Because they’re countries that don’t have a nuclear technology of any kind now and a nuclear capability, this is going to take a bit longer. And the way this would probably play out is by ourselves getting some paid mandates to help them establish a regulatory framework, help them establish a capability in country. And those are the kind of conversations that we’ve got now, and we’re even doing some work in one country. This is a bit of a longer play, but very real, and we’re talking of three to four Asian countries. So you can see there’s a lot going on.

I mean, I’m being very cautious not to kind of over promise here, but I think over the next year or so, of this will come the initial phases of MOUs and the initial engineering phases.

Devin Dodge, Analyst, BMO Capital Markets: Okay, that was great commentary. Just one quick follow-up. How I think there’s been some media attention on applying for a license in The US. Wondering if you have a framework for how long you think that could take.
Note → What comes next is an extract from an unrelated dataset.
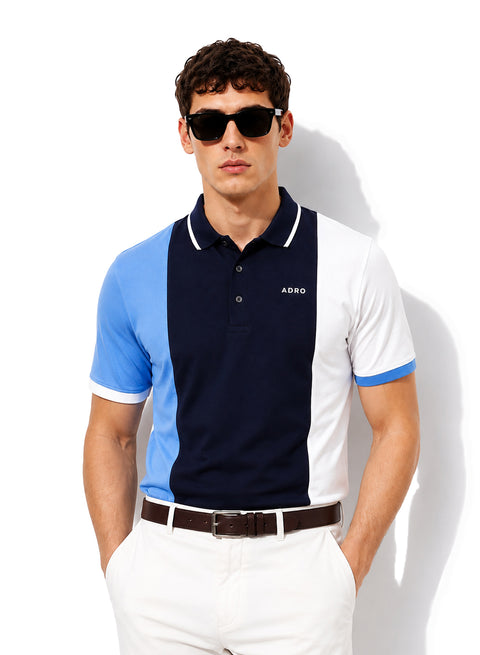 Adro Multicolour Polo T Shirt | 100% Cotton Mens Polo Tshirt | Regular Fit Half Sleeve Cut & Sew Polo T-shirt for men  | Ocean Streak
Ian Edwards, Chief Executive Officer, Atkins Realis: Yeah, so we’re very much exploring The US. I mean, as I said about the SMRs, which is true also for CANDU technology, that’s a very significant market for nuclear. I mean, the executive order signed by President Trump to deploy 300 gigawatts of nuclear electricity is three times what was built in the sixties, seventies, eighties and nineties. Now there’s only one US technology right now in large nuclear. Last time they build out, they had four.
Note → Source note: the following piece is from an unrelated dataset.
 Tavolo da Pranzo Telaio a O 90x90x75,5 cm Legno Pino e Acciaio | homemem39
So there’s clearly an opportunity. We are looking at what it would take to get it through the licensing process, which we don’t think is too difficult because they think about things very similar than Canada. That would probably be a process that would take us to a place towards the end of this decade that we could execute. But that’s not different from many other technologies. I mean, even if their indigenous technology was to get an order today, it would have to go through a licensing process for a project specific.

So it will obviously take us longer, and that’s facts, we’re looking at it very, very seriously to position.

Devin Dodge, Analyst, BMO Capital Markets: Okay, excellent. That’s great color. Appreciate it. I’ll turn it over.

Ian Edwards, Chief Executive Officer, Atkins Realis: Thank you.

Conference Operator: Thank you. And our final question for today comes from the line of Benoit Poirier from Desjardins. Your question, please.

Benoit Poirier, Analyst, Desjardins: Yeah. Hi, Jeff. Good morning, Ian. Just to come back on the nuclear discussion, what is the main pushback or the key points that is holding back the Canadian government with respect? Are they waiting to see further advance on the Monarch development?

Is it more a matter of financing? What is kind of holding back the discussion? And maybe also, obviously nuclear is growing a lot this year, but what would you like to achieve on a sustainable rate in terms of revenue growth beyond 2025?

Ian Edwards, Chief Executive Officer, Atkins Realis: Yeah, so there’s no, I don’t think there’s pushback. I think that Canada is a leader in the world. I mean, the fact that there’s commitment to nuclear going forward that’s been announced by the government, The fact that two of the Ontario generating companies have allocated a site, I think that’s really positive. I mean, and making a selection is a big process, it’s a long process and we’re just working through that. I mean, the clients are working through it.

They’ve got to be sure that whoever Selecti can deliver and it’s the right cost base for the taxpayer and the electricity payer. So I think this is moving fast actually. My view, when I look at the rest of the world, I think this is going fast. I don’t think this is going slow. So I’m really optimistic, really, and hopefully you’ll see something, and hopefully that’s us as well.

But you know, as I said, there’s no guarantees in this world and let’s monitor the space. What can we be in the nuclear sector? As I said, very significant. We are uniquely positioned with a full service global nuclear business, and there is a very significant renaissance in the nuclear business. Our revenues have grown, as you can see, exponentially, our backlog is up 228%.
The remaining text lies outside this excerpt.